寄居工場の年間生産能力25万台。高効率な生産ラインで、コスト競争力を高めたことに加え、1台当たりの二酸化炭素(CO2)の排出量を従来比で3割減らせるなど環境負荷も抑えた。ここで培った技術は今後1年半以内に、来春稼働予定のメキシコをはじめ、中国、ブラジル、タイといった新興経済国の新工場に移管していく。
このため、すべての工程について、「従来の常識を疑うところから着手した」(工場責任者の河野丈洋主任技師)という。

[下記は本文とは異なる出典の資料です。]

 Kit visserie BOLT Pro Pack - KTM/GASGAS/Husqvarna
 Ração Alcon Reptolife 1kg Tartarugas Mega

例えば、車のボンネットなどを骨格と結合する溶接ライン。狭山工場では、設置スペースが狭いという理由で昔から溶接ロボットを車の両側に置いていたが、これを前後に配置するという大胆な変更を行った。これによりロボット16台を10台に減らすことに成功した。
また、塗装工程では、ボディーカラーを吹き付ける塗料に、衝撃を吸収する機能をあらかじめ付け、塗装膜のひび割れなどを防ぐ、「中塗り」と呼ばれる工程を不要にする技術も採用。CO2の排出量は既存の製造法に比べ42%減った。
こうした最新の製造技術に加え、小型車専用の少品種大量生産によるコスト削減効果で、フィットの採算性は大きく向上した。フィットは低価格帯の車種ながら、ホンダを販売面のみならず、収益面でも大きく支える「屋台骨」の役割がさらに増すことは確実だ。
現在、主要メーカーの国内向け設備投資は維持や補修がほとんどだが、ホンダの寄居工場のような大型の新規投資が増えれば雇用や賃金への波及、消費増大や企業収益拡大につながる。新工場披露会には、地元の上田清司埼玉県知事や寄居町長や同県小川町長に加え、茂木敏充経済産業相も出席。新工場を呼び水とした新たな投資への期待が大きいことをうかがわせた。